BEGIN Records provided

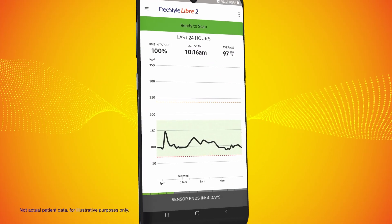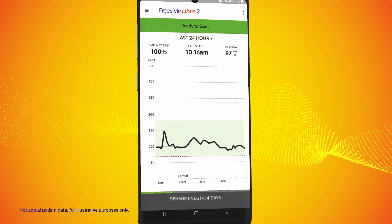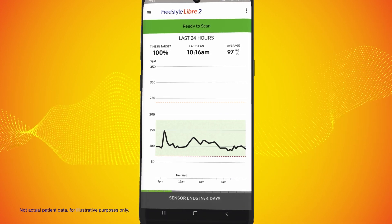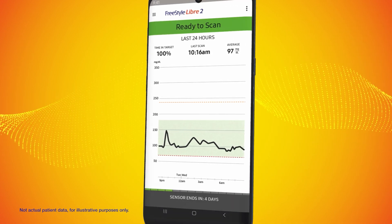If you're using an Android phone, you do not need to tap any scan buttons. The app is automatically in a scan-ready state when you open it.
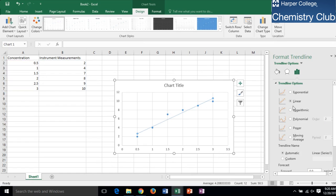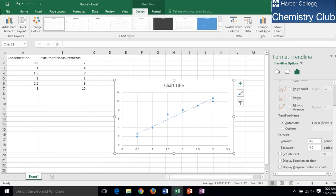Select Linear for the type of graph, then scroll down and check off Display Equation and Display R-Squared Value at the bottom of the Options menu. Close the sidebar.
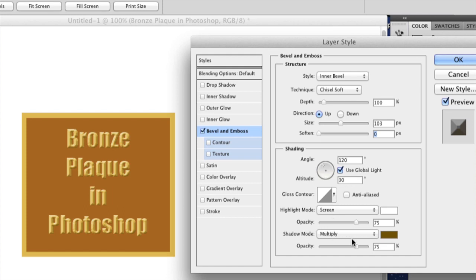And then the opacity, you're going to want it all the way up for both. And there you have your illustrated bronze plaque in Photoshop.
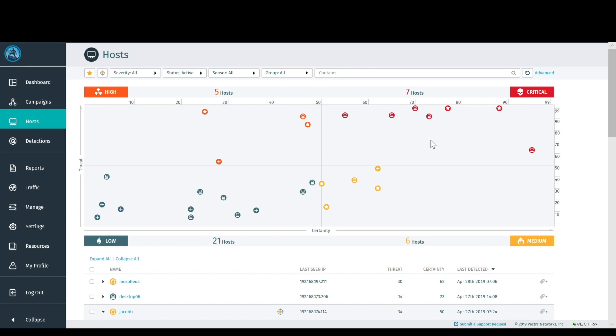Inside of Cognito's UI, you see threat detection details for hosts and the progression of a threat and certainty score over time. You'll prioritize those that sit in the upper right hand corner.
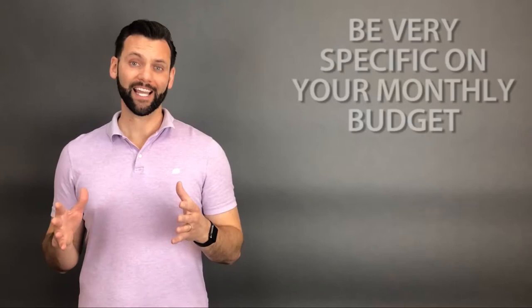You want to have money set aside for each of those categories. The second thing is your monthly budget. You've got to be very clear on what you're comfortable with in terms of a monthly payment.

END Records provided
BEGIN Records provided

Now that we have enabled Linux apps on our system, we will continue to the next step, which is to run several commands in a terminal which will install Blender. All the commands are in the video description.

END Records provided

Exercise requirements: The lines to reproduce run from the one above containing "If you're using" through the one containing "You want to". Copy them exactly and leave out all pictures.

Solution to this problem:
If you're using an Android phone, you do not need to tap any scan buttons. The app is automatically in a scan-ready state when you open it.
Select Linear for the type of graph, then scroll down and check off Display Equation and Display R-Squared Value at the bottom of the Options menu. Close the sidebar.
And then the opacity, you're going to want it all the way up for both. And there you have your illustrated bronze plaque in Photoshop.
Inside of Cognito's UI, you see threat detection details for hosts and the progression of a threat and certainty score over time. You'll prioritize those that sit in the upper right hand corner.
You want to have money set aside for each of those categories. The second thing is your monthly budget. You've got to be very clear on what you're comfortable with in terms of a monthly payment.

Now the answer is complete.